### PROVIDED DATA
+--
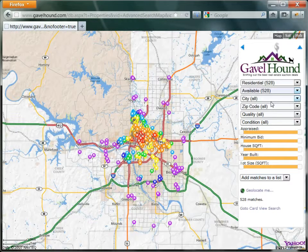Available properties are those properties for which the homeowner has not paid off the taxes yet, and this list will be updated periodically as the county releases a new list.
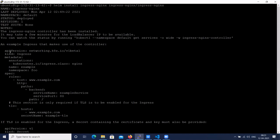In the Nginx Ingress resource file, the API version is 'networking.k8s.io/v1beta1', kind is 'Ingress'. Under metadata, we use the name and annotation 'kubernetes.io/ingress.class: nginx'. We specify the name and namespace, then add the microservices — giving the hostname, the path, the service name (matching the deployment service), the port number, and optionally TLS with the TLS host.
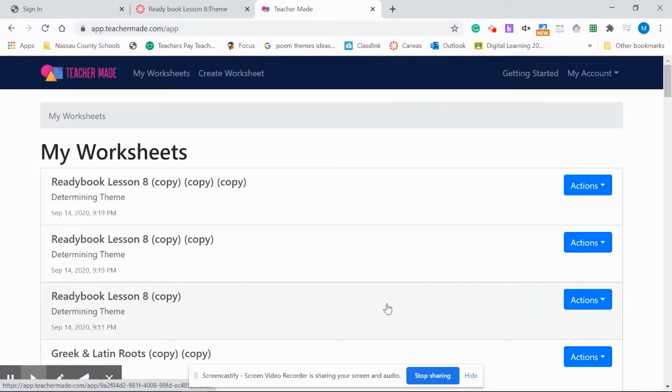Let me demonstrate how easy it is to take your digital worksheet that you have created and assign it through Canvas.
+--
### TO DO
A word-for-word retyping of the material above is expected, without pictures.

### EXERCISE ANSWER
Available properties are those properties for which the homeowner has not paid off the taxes yet, and this list will be updated periodically as the county releases a new list.
In the Nginx Ingress resource file, the API version is 'networking.k8s.io/v1beta1', kind is 'Ingress'. Under metadata, we use the name and annotation 'kubernetes.io/ingress.class: nginx'. We specify the name and namespace, then add the microservices — giving the hostname, the path, the service name (matching the deployment service), the port number, and optionally TLS with the TLS host.
Let me demonstrate how easy it is to take your digital worksheet that you have created and assign it through Canvas.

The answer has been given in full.